Now consider $f=g-g'$, we want to show that $f$ is $c^\infty$ on $T^2$. We already know that $f$ is analytical on the range $[0,2\pi]^2$, since both $g$ and $g'$ are analytical on this range. Then if $f$ goes back to itself on the boundaries of $[0,2\pi]^2$, namely that if $\forall \phi_1, f(\phi_1,0)=f(\phi_1, 2\pi)$ and that $\forall\phi_2, f(0,\phi_2) = f(2\pi, \phi_2)$, it will be $c^0$. And because $\partial_1f = a-a'$ and $\partial_2f =b-b'$, both are $c^\infty$, $f$ is consequently also $c^\infty$.
Now
\begin{align*}f(0, 2\pi)-f(0,0) &= \int_0^{2\pi}\partial_{\phi_2} f(0, \phi_2)d\phi_2\\&=\int_0^{2\pi}\partial_2gd\phi_2-\int_0^{2\pi}\partial_2g'd\phi_2\\&=\int_0^{2\pi}b(0,\phi_2)d\phi_2-\int_0^{2\pi}b'(0,\phi_2)d\phi_2\\&=\int_2b-\int_2b'\\&=0\text{ (as given) }\end{align*}
Further, since since for all $\phi_1\in[0,2\pi]$, $\partial_1g(\phi_1, 0) = a(\phi_1, 0) = a(\phi_1, 2\pi) = \partial_1g(\phi_1, 2\pi)$ due to continuity of a on $T^2$,
$$\partial_1(g(\phi_1,2\pi)-g(\phi_1,0))=0$$
hence $g(\phi_1,2\pi)-g(\phi_1,0)$ is constant $\forall \phi_1 \in [0,2\pi]$.

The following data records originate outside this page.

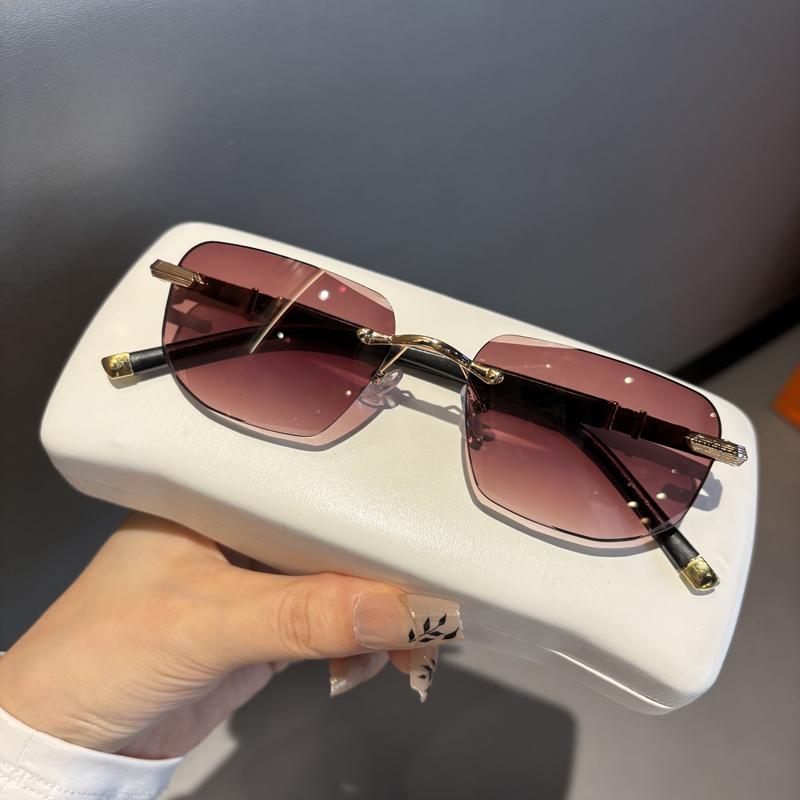 New Brown Sunshade Eye Protection Reading Glasses Middle-Aged Elderly People High-End Frameless Diamond-Cut Edge Anti-Uv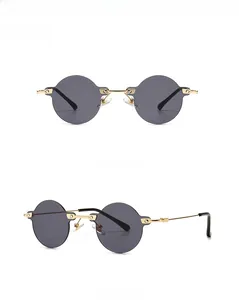 Front and 45-degree side view of vintage square sunglasses with gold metal frames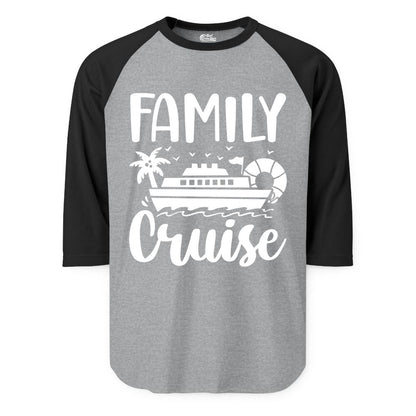 Family Cruise Shirt - Matching Cruise Vacation Tee for Families (Raglan) in Heather GreyBlack - Family Cruise Shirt - Tropical Palm and Cruise Ship Vacation Design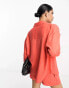 Фото #4 товара ASOS DESIGN utility suit shirt with linen in coral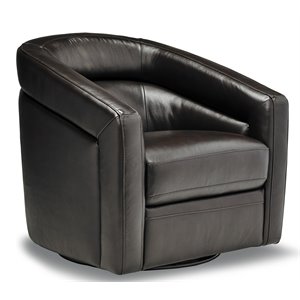 sofas to go eden swivel contemporary leather accent chair in ranch brown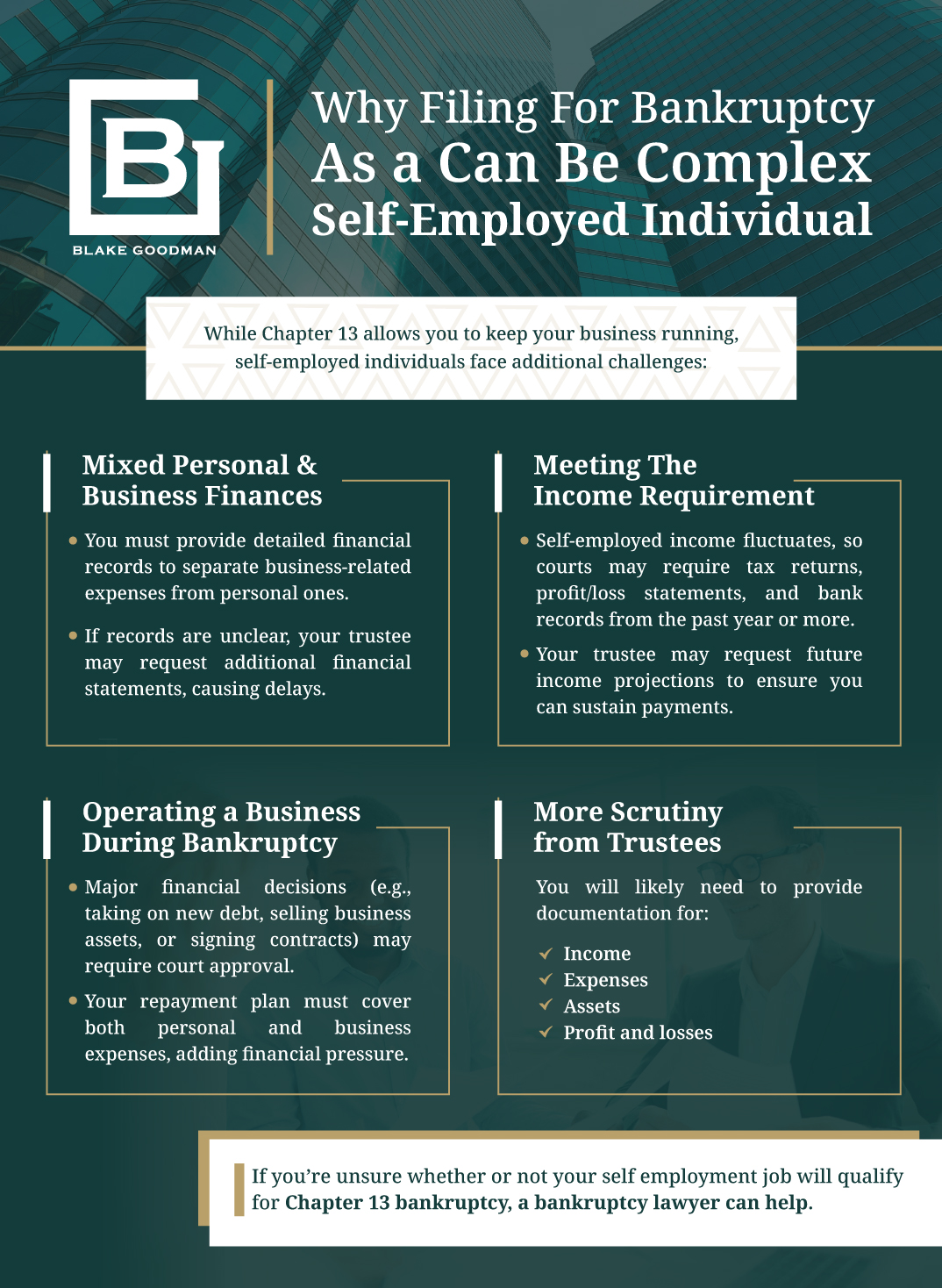 Infographic that explains Why Filing For Bankruptcy As a Self-Employed Individual Can Be Complex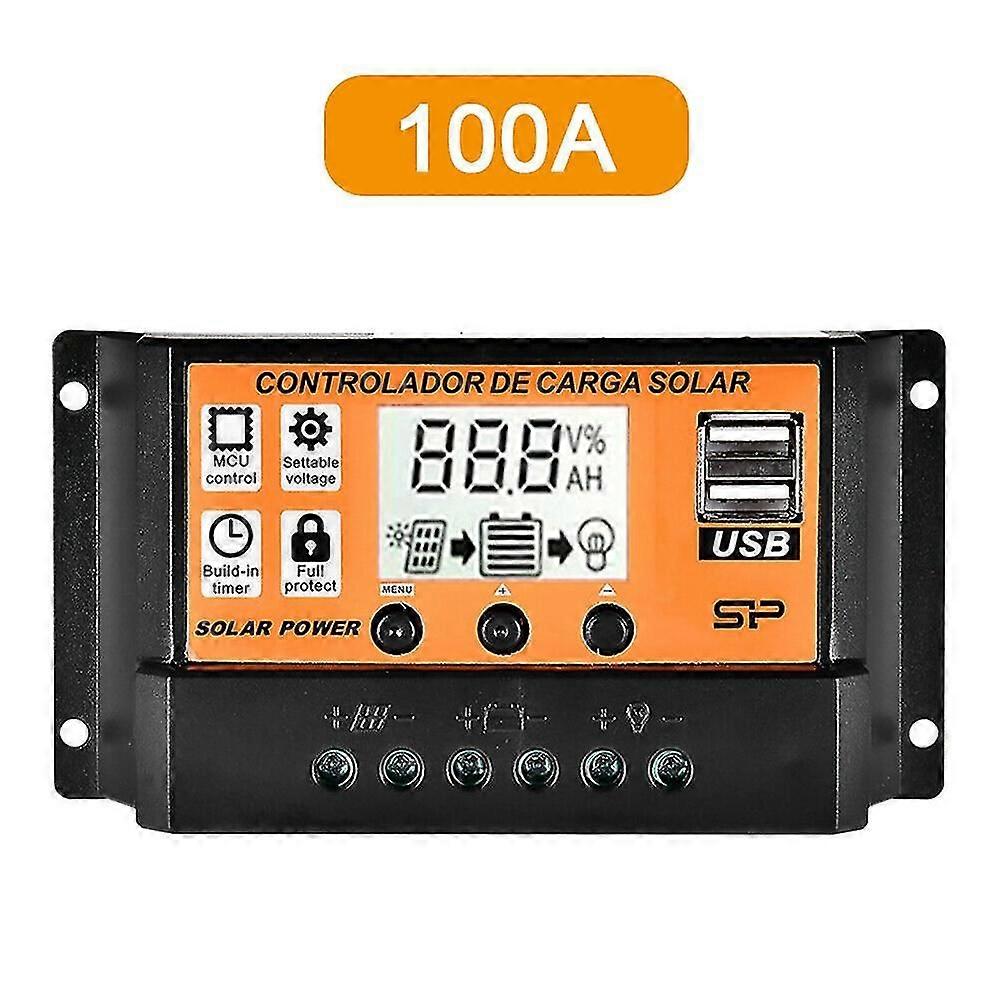 100a Solar Charge Controller Solar Panel Controller 12v/24v Adjustable
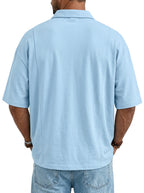 Men's Everyday Simple Deconstructed Design Button Short Sleeve Polo Shirt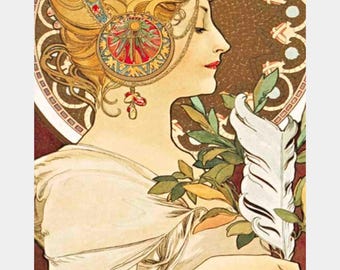 Premium Diamond Painting (X-Large) - Feather - Mucha Diamond Painting - 5D Diamond Painting Kits for Adult - DIY Gift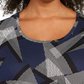 JM Collection Women's Plus Size Scoop-Neck Printed Top Blue Size 0X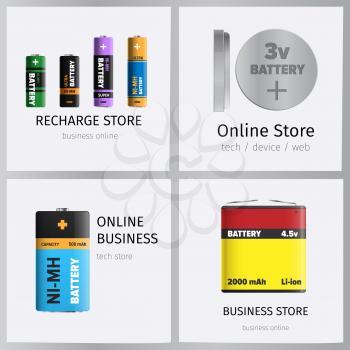 Recharge online business store elements banners set. Powerful batteries for electronic units with various power capacity. Energy replenishment appliances vector. Galvanic device for power charge.
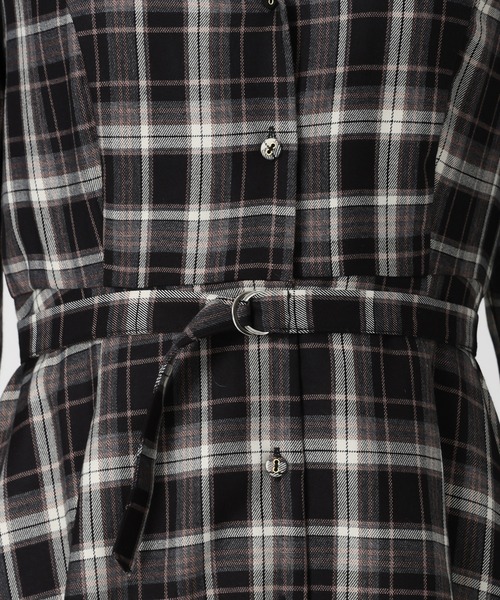 MISCHMASCH テーラー襟配色ワンピース チェック柄 黒 セール】2025秋冬新作 テーラー襟配色ワンピース（ワンピース）｜MISCH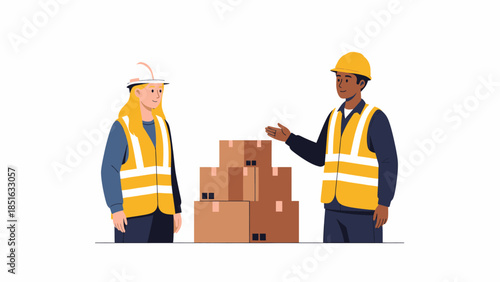 Two workers in safety vests and hard hats examining cardboard boxes in a warehouse setting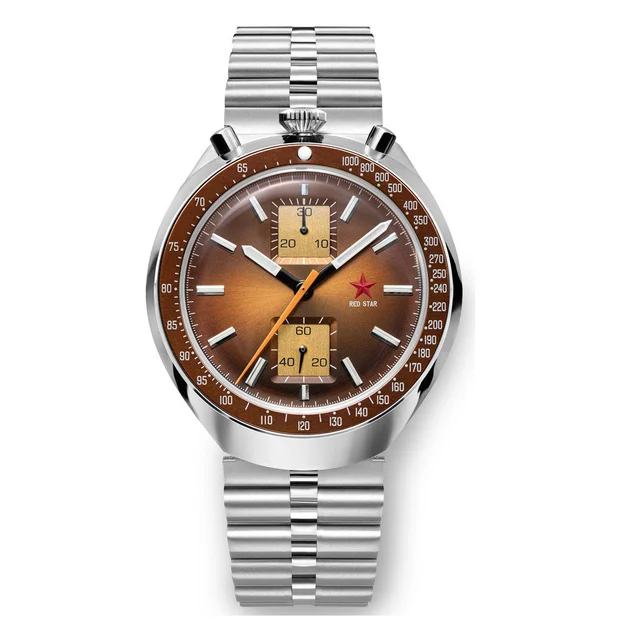 Red Star Bullhead Mechanical Chronograph with Brown Dial #8597G-2 kol saati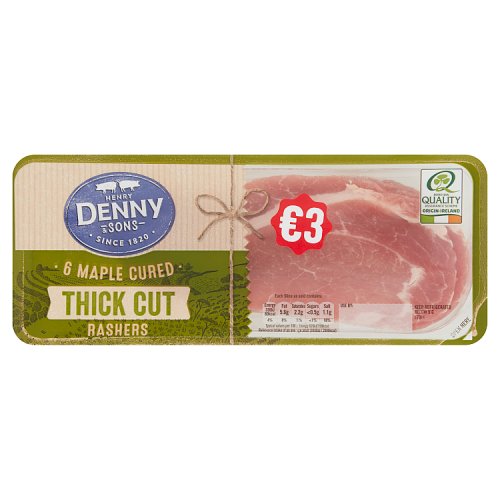 Henry Denny & Sons 6 Maple Cured Thick Cut Rashers 240g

Likewise $g'(\phi_1,2\pi)-g'(\phi_1,0)$ is constant over this range. Then their difference
$f(\phi_1,2\pi)-f(\phi_1,0)$ is also constant over $\phi_1\in[0,2\pi]$.
Since $f(0,2\pi)-f(0,0) = 0$, $\forall \phi_1\in[0,2\pi], f(\phi_1,2\pi)-f(\phi_1,0)=0$.
Symmetrically, by making deductions on $\partial_1g$ and $\partial_1g'$, we shall arrive at $$\forall \phi_2\in[0,2\pi], f(2\pi, \phi_2)-f(0, \phi_2)=0.$$
Hence $f$ is $c^\infty$ on $T^2. Thus
$$(a,b) = (a',b') + (\partial_1f, \partial_2f) =(a'b)+df\Rightarrow [(a,b)]=[(a',b')].$$
- Surjective.
For $(r_1, r_2)\in\R^2$ arbitrarily chosen, we shall define closed form $(a,b)=\left(\frac{r_1}{2\pi},\frac{r_2}{2\pi}\right)$ such that $\partial_2a=\partial_1b=0$. Then $(a,b)\in C$ and $[(a,b)] \in \frac{C}{D}, satisfying:
$$H([(a,b)])=\left(\int_0^{2\pi}\frac{r_1}{2\pi}d\phi_1, \int_0^{2\pi}\frac{r_2}{2\pi}d\phi_2\right)=(r_1,r_2).$$
Hence $H$ is an isomorphism that maps between $H^1(T^2,\R)=\frac{C}{D}$ and $\R^2$. Thus the first cohomology group on $T^2$ has dimension 2.
Remarks
I apologize about the notation $(x,y)$ being used interchangeably for a closed form on $T^2$ and a vector on $\R^2$. But one should be able to infer the meanings from the definitions.
- From the proof of surjection of $H$ as an isomorphism, we see that the two independent dimensions of $\R$ corresponds to the cosets (all the closed forms that are "homologous" to) of the base forms $\omega^1=ad\phi_1+bd\phi_2$, where $a, b\in\R$ are constants from reals. Such $\omega^1$ by itself is closed, because it integrates to 0 over all the boundaries.
- Note that if the lines marked orange and cyan were to be 1-boundaries of some 2-surface, the integral of $\omega^1$ over them will be non-zero. However, these lines are not boundaries to any surfaces due to the particular topology of $T^2$. Hence $ad\phi_1+bd\phi_2$ remains as a closed form over $T^2$, although any "integral" of it will fail to be analytical.
- In fact, integrals over the two marked lines will evaluate to $H(\omega^1)$ as a pair, if they respectively correspond to $\{\phi_2=0\}$ and $\{\phi_1=0\}$. All the closed forms in the coset $[\omega^1]$ will then also evaluate to the same values $H(\omega^1)$ over these two lines, as proven by the "validity" of $H$.